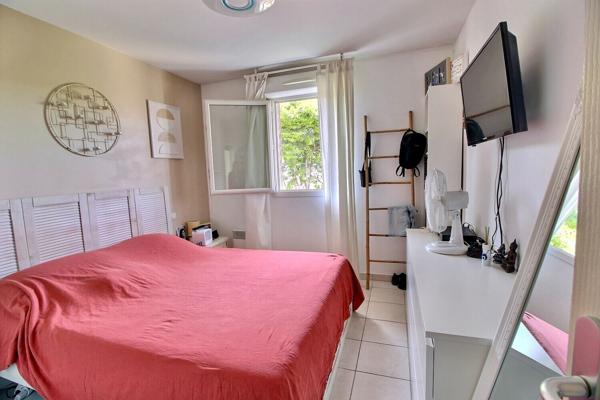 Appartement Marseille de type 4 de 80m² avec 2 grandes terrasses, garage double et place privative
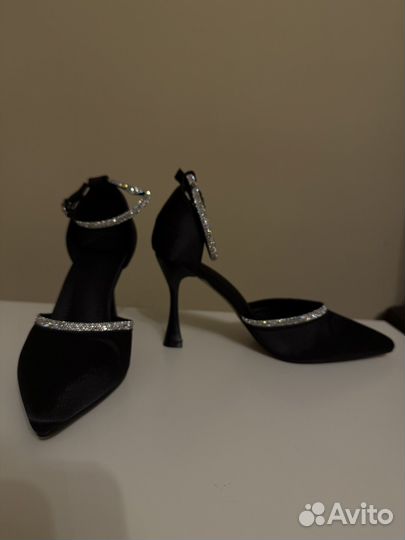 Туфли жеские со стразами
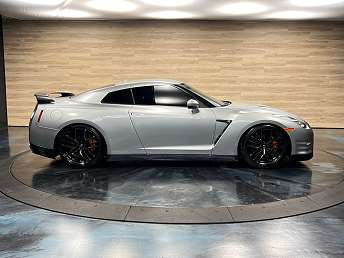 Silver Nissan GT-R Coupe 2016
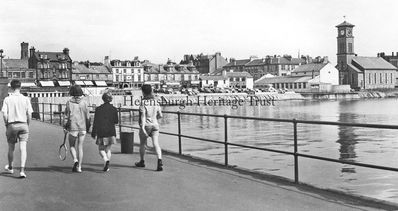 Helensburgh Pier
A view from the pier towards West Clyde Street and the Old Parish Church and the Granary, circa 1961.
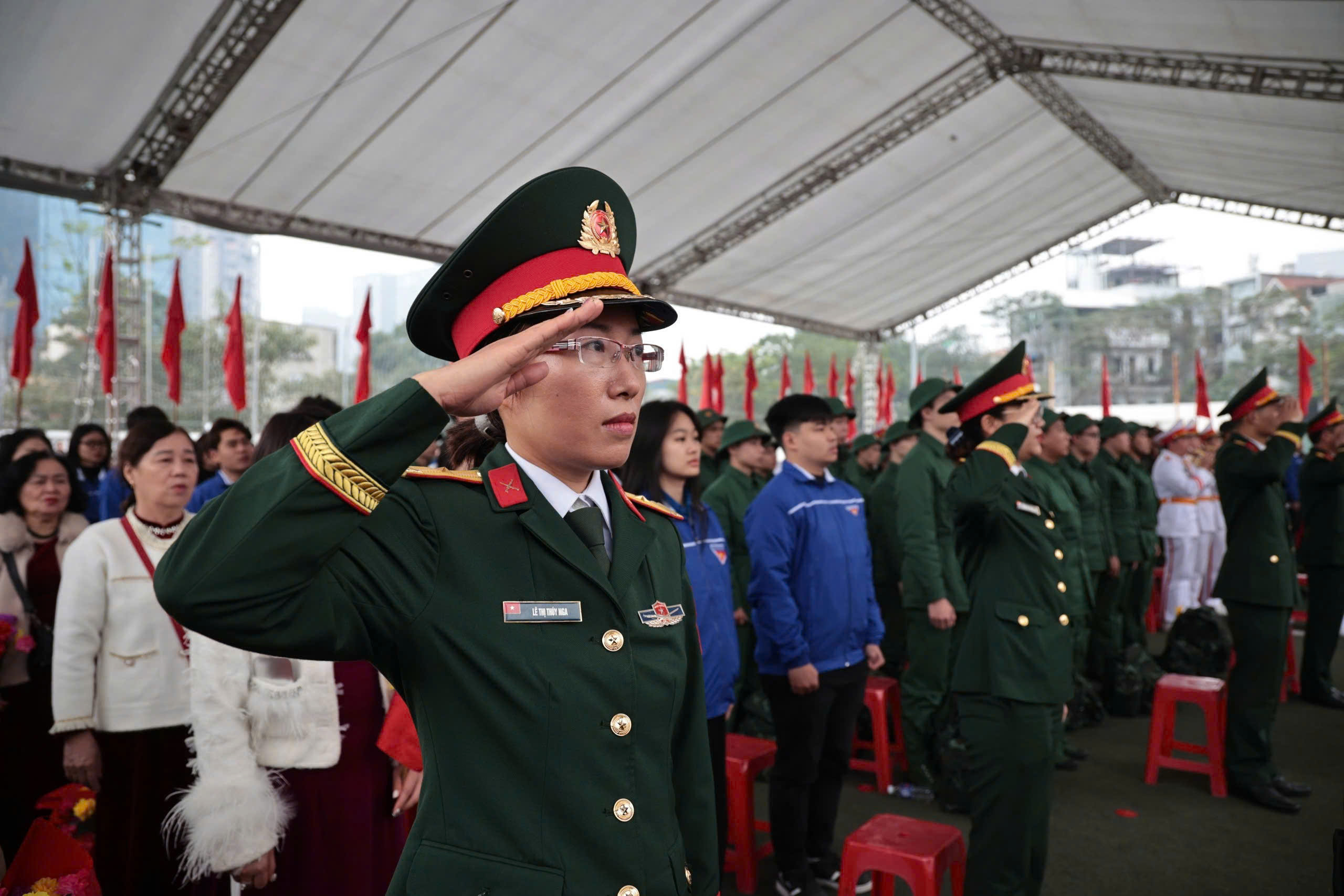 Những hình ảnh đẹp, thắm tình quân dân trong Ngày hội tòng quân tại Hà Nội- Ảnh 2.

...

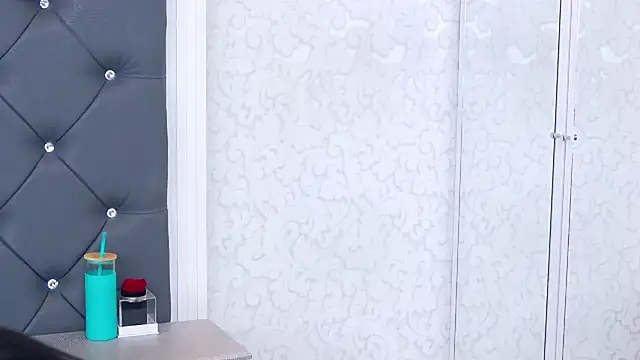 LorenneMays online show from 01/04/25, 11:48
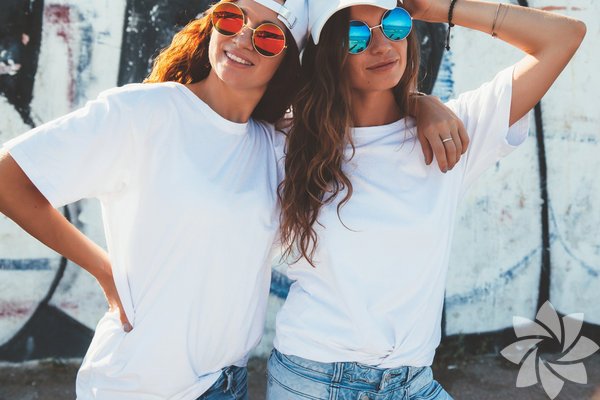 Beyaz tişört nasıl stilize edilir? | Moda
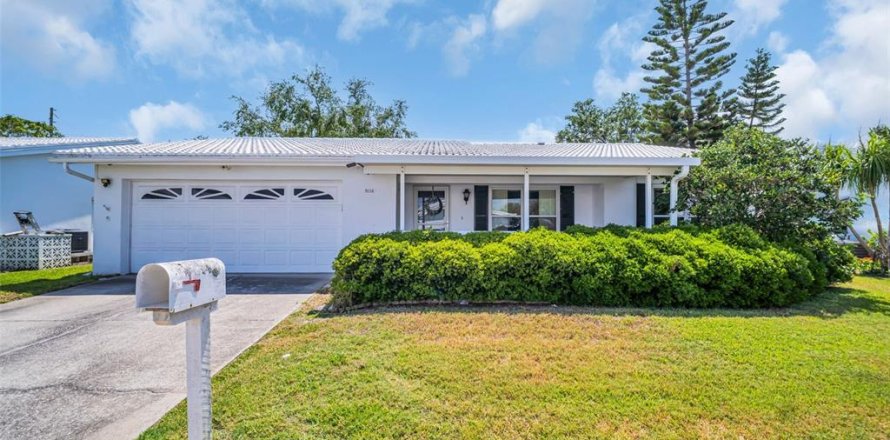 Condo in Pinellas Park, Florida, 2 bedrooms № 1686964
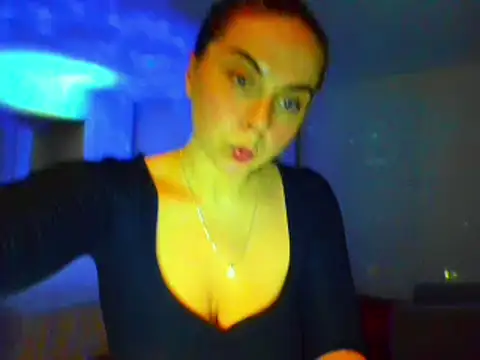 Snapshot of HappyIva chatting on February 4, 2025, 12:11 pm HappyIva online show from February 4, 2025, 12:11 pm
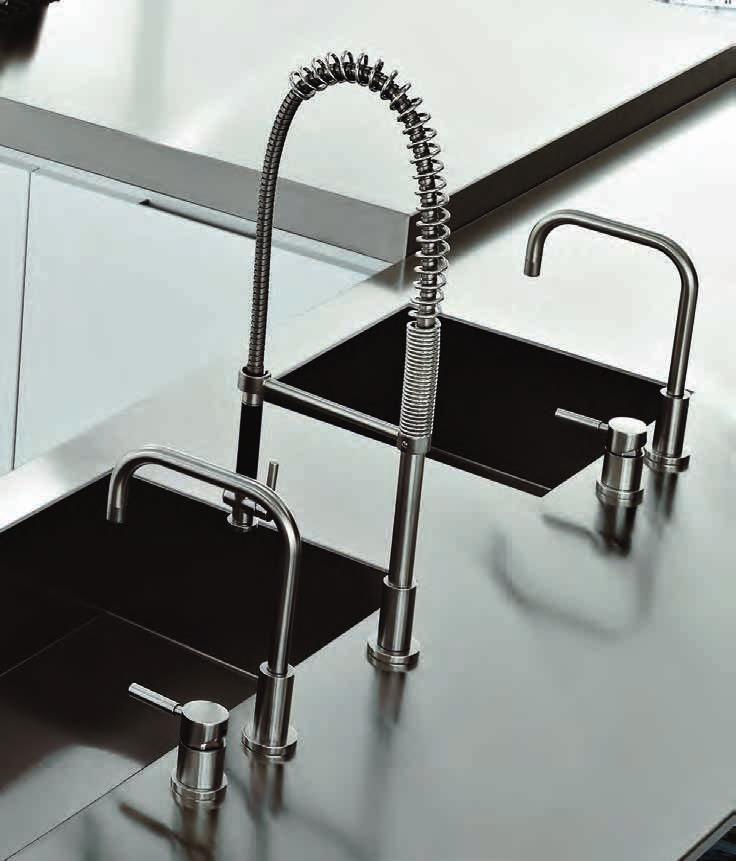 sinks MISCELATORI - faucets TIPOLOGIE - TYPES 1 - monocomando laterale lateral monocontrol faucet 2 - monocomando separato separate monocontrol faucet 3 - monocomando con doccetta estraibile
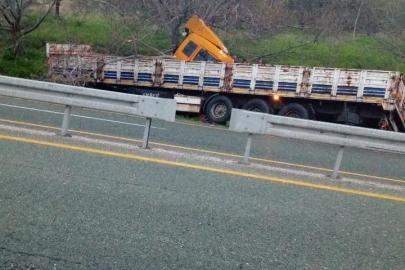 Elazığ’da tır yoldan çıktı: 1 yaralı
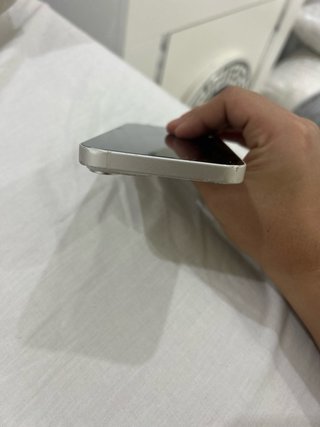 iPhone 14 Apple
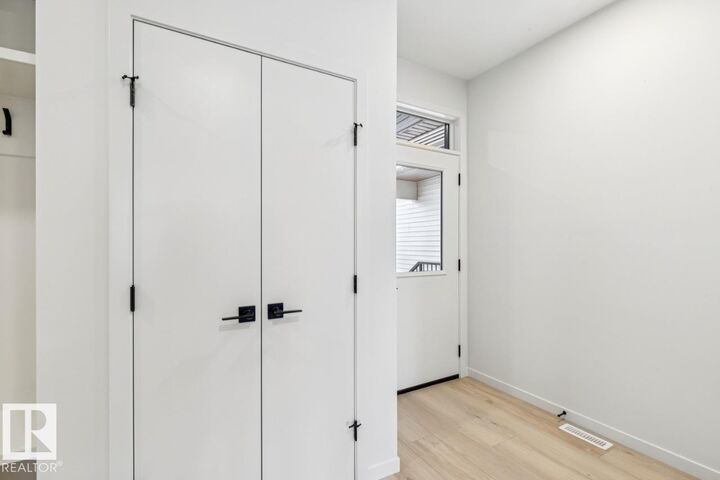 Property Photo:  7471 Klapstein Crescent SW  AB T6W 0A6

EXERCISE: Among the entries above, take the line with "sinks MISCELATORI - faucets", the line with "7471 Klapstein Crescent", and all the lines between them, and restate them word for word without pictures.

COMPLETED EXERCISE:
 sinks MISCELATORI - faucets TIPOLOGIE - TYPES 1 - monocomando laterale lateral monocontrol faucet 2 - monocomando separato separate monocontrol faucet 3 - monocomando con doccetta estraibile
 Elazığ’da tır yoldan çıktı: 1 yaralı
 iPhone 14 Apple
 Property Photo:  7471 Klapstein Crescent SW  AB T6W 0A6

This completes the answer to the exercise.